E dieci anni è il periodo che io ho vissuto nella casa in zona stazione.
“Buongiorno, sono un tecnico enel…” questo l’inizio della telefonata dove, un ragazzo leggermente balbuziente, mi informava che, per un qualche strano motivo, non riuscivano a togliere la corrente al mio vecchio appartamento “il computer non riesce a collegarsi all’apparecchio, dovremmo venire a fare il lavoro manualmente”.
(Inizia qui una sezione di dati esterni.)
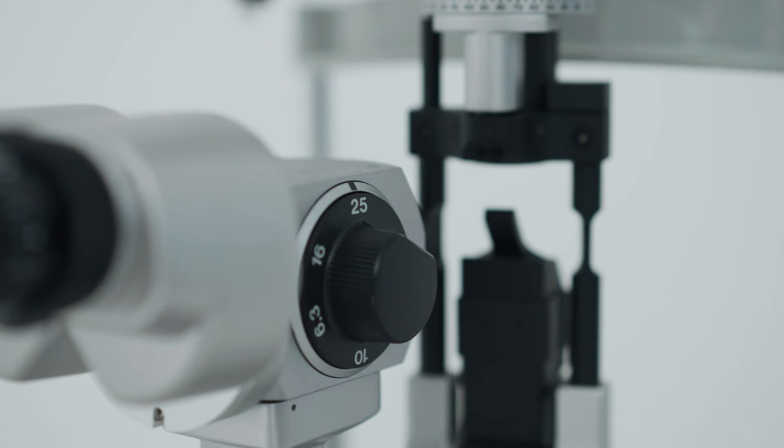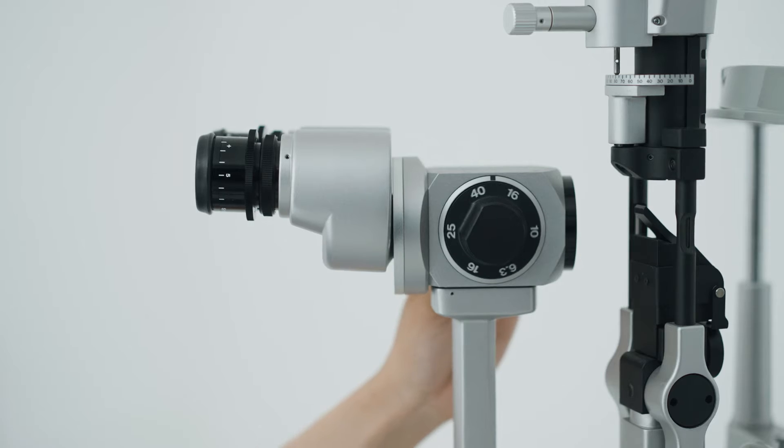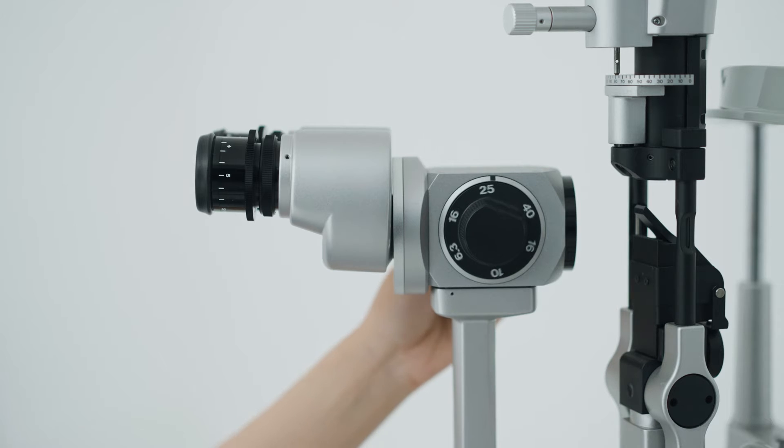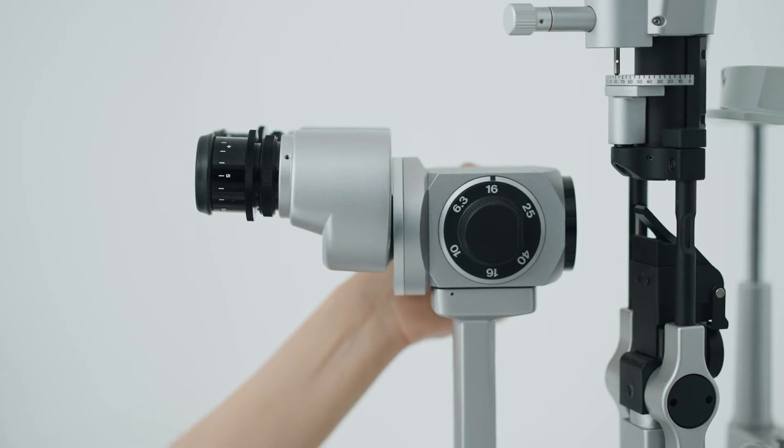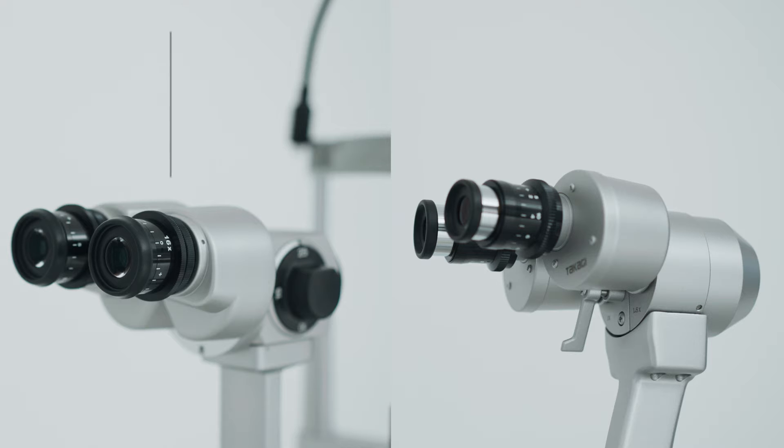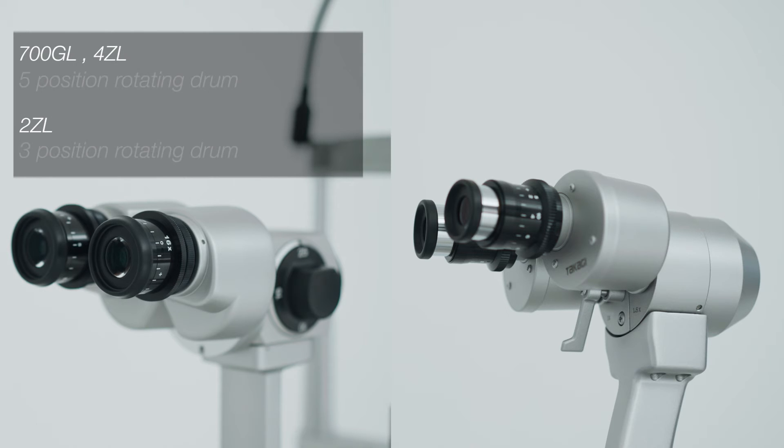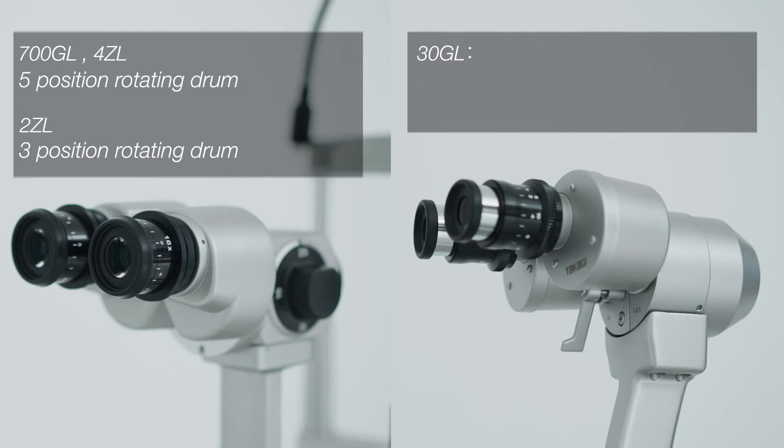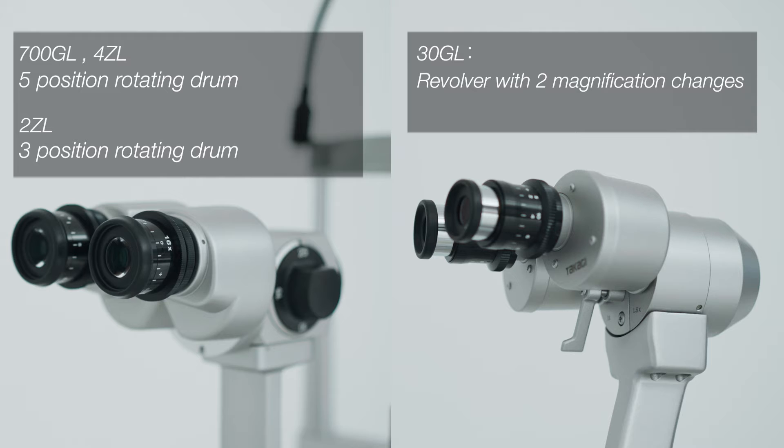700GL and 4ZL are high-end models that offer 5-step magnification and 30GL with 2-step magnification and 2ZL with 3-step magnification provide outstanding cost performance.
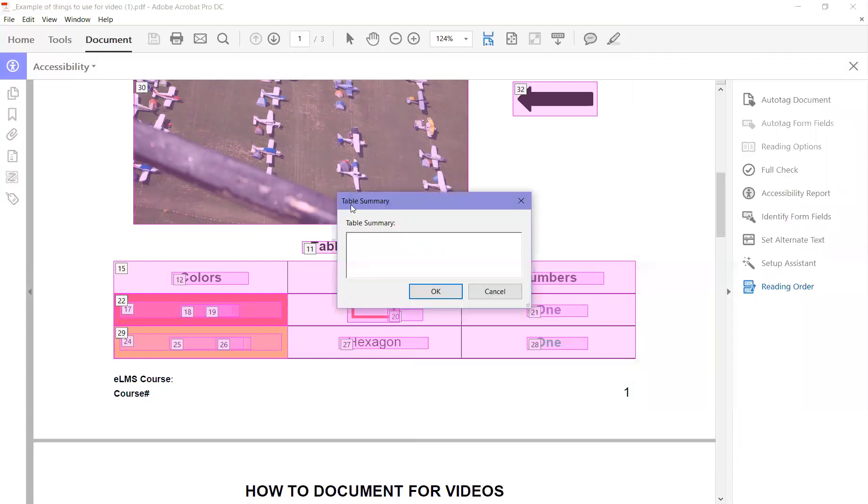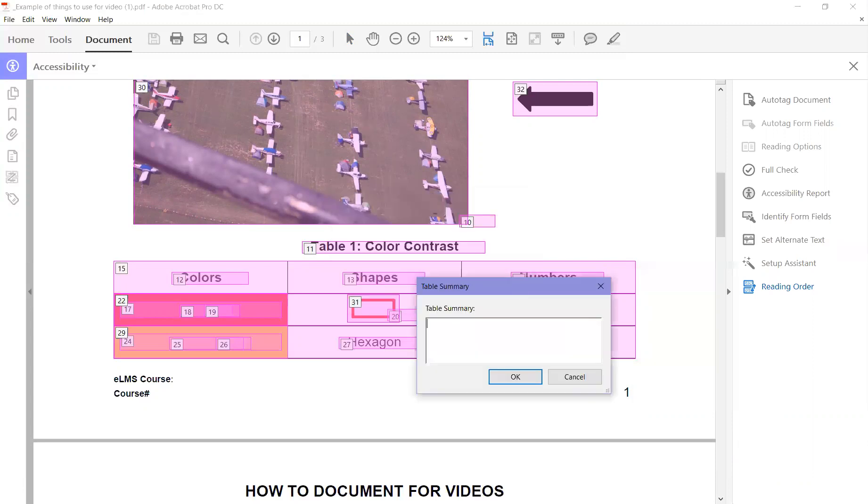Once that opens, a new window appears. This is where you put your information and describe the whole table. I'm just going to put 'Table' here as an example, but this is where you describe it all.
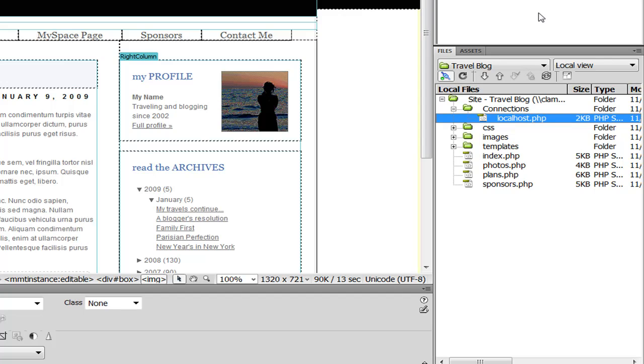I hope you've enjoyed this feature tour. For more information on Dynamic Connections and any other Dreamweaver extensions, check us out at WebAssist.com. Thank you very much.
La mia vecchia casa non voleva morire, non lasciava che uno stupido tecnico la spegnesse, avrei dovuto farlo io.
Sono entrato quindi, per l’ultima volta, in quell’enorme casa vuota.
Di quello che c’era prima non è rimasto nulla, solo i fantasmi dei quadri sui muri.
Ho indugiato un attimo in ogni stanza, sembrava tutto così diverso.
Mi sono diretto verso l’ultima camera, e camminando i miei passi rimbombavano per tutti i centoquaranta metri quadri.
Il suono mi sembrava assordante, facevo fatica a sopportarlo.
Dalla centralina, in fondo alla stanza buia, una luce rossa sembrava fissarmi, mi implorava di non abbassare quella piccola leva nera.
Ed è stato come se, quella piccola luce, iniziasse ad elencarmi tutto quello che la casa aveva fatto per me.
Mi ha urlato i nomi di tutti quelli che sono stati tra quelle mura, riportando alla mia mente ogni singola emozione.
Tutte le persone che ho amato, quelle che mi hanno amato, le bugie, i compromessi, le notti di sesso, le urla, le risate, le sorprese, le lacrime, i baci, le coccole nel letto, le cene, la rabbia, l’odio, la luce dai cristalli, i muri arancioni, le mie lucine, il sangue, il sudore… click!
Con un rapido gesto ho staccato la corrente, la luce rossa si è spenta, e la voce che stava gridando ha improvvisamente taciuto.
Prima di uscire, ho dato un bacio a tutte le porte e poi, con un giro di chiave, ho chiuso una serratura che non aprirò mai più.